The Goldilocks Principle: Rocks Are Why We Don't Have Global Cooling
    By News Staff | March 19th 2014 04:11 PM | 5 comments | Print | E-mail | Track Comments

    In the television show "Cosmos", the writers and host Neil deGrasse Tyson implied that the atmosphere on Venus was due to a runaway greenhouse gas effect. They also said Giordano Bruno was a martyr for astronomy and that Saturn was the 'jewel' of the solar system.

    The only one of those partially correct is that Earth has a variety of factors that make our built-in atmospheric carbon dioxide regulator work where the one on Venus does not – including geologic cycles that churn up the planet's rocky surface. We also have gravity that keeps hydrogen from escaping into space after solar radiation breaks them, as happens on Venus.

    Essentially, Earth is 'just right' and a cultural metaphor is often the "Goldilocks" story, where a difficult-to-please intruder isn't happy with 66% of everything she encounters during a home invasion.  Until she finds something 'just right'.

    Researchers from USC and Nanjing University say water isn't the prime reason that we don't have a CO2 atmosphere and sulfuric rain clouds, like Venus has - they say that "fresh" rock pushed to the surface via mountain formation effectively acts as a kind of sponge, soaking up CO2.

    Goldilocks eventually settled in when things were just right. So did life in this solar system. Sorry, Saturn, you aren't the jewel of anything. Link: 

    If this rock formation were too quick, it would deplete atmospheric CO2 levels to a point that we would have Global Cooling within a few million years. Too slow and the CO2 from volcanoes might not be offset by water alone. So the researchers say "fresh" rock exposed by uplift also emits carbon through a chemical weathering process, which replenishes the atmospheric carbon dioxide at a comparable rate. Rocks have not been implicated in global warming to-date.

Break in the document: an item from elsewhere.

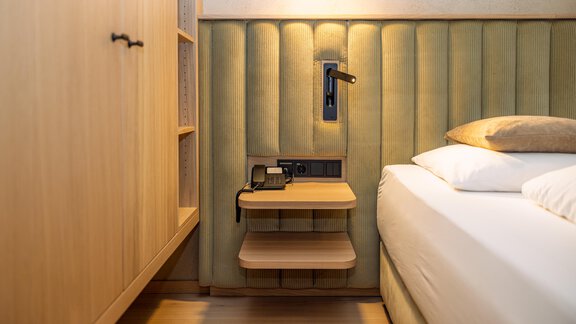 Ein modernes Schlafzimmer mit einem gepolsterten Kopfteil und einer bequemen Bettdecke. Neben dem Bett befindet sich ein geschmackvoller Nachttisch mit einer Lampe und Steckdosen. - Bäckelar Wirt - Sölden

    "Our presence on Earth is dependent upon this carbon cycle. This is why life is able to survive," said Mark Torres, lead author of the paper and a doctoral fellow at USC.

    While human-made atmospheric carbon dioxide increases are currently driving significant changes in the Earth's climate, the geologic system has kept things balanced for million of years.

    "The Earth is a bit like a big, natural recycler," West said. Torres and West studied rocks taken from the Andes mountain range in Peru and found that weathering processes affecting rocks released far more carbon than previously estimated, which motivated them to consider the global implications of CO2 release during mountain formation.

    The researchers noted that rapid erosion in the Andes unearths abundant pyrite — the shiny mineral known as "fool's gold" because of its deceptive appearance — and its chemical breakdown produces acids that release CO2 from other minerals. These observations motivated them to consider the global implications of CO2 release during mountain formation.

    Like many other large mountain ranges, such as the great Himalayas, the Andes began to form during the Cenozoic period, which began about 60 million years ago and happened to coincide with a major perturbation in the cycling of atmospheric carbon dioxide. Using marine records of the long-term carbon cycle, Torres, West, and Li reconstructed the balance between CO2 release and uptake caused by the uplift of large mountain ranges and found that the release of CO2 release by rock weathering may have played a large, but thus far unrecognized, role in regulating the concentration of atmospheric carbon dioxide over the last roughly 60 million years.

    Published in Nature.


    We also have gravity that keeps hydrogen from escaping into space after solar radiation breaks them, as happens on Venus.

    You need to rethink this sentence a little deeper.

    It seems valid. The premise of the article is that rocks are important but water remains most important. If water evaporates and gets broken into components by solar radiation and light hydrogen escapes, there is no more water and CO2 goes out of control.
    The hotter atmosphere would cause the hydrogen to escape easier. It's not *just* the gravity, which is after all, 90% of Earth's, but the temperature. And probably the lack of magnetosphere helping to strip it away, as well.

    It's seldom just one thing, really.

    Robert H. Olley / Quondam Physics Department / University of Reading / England
    Earth also has a magnetosphere which protects it from radiation from the sun. I've read that's why Mars has so little atmosphere, it's been striped by the solar wind. Although nobody saw this happen, so maybe that's just conjecture.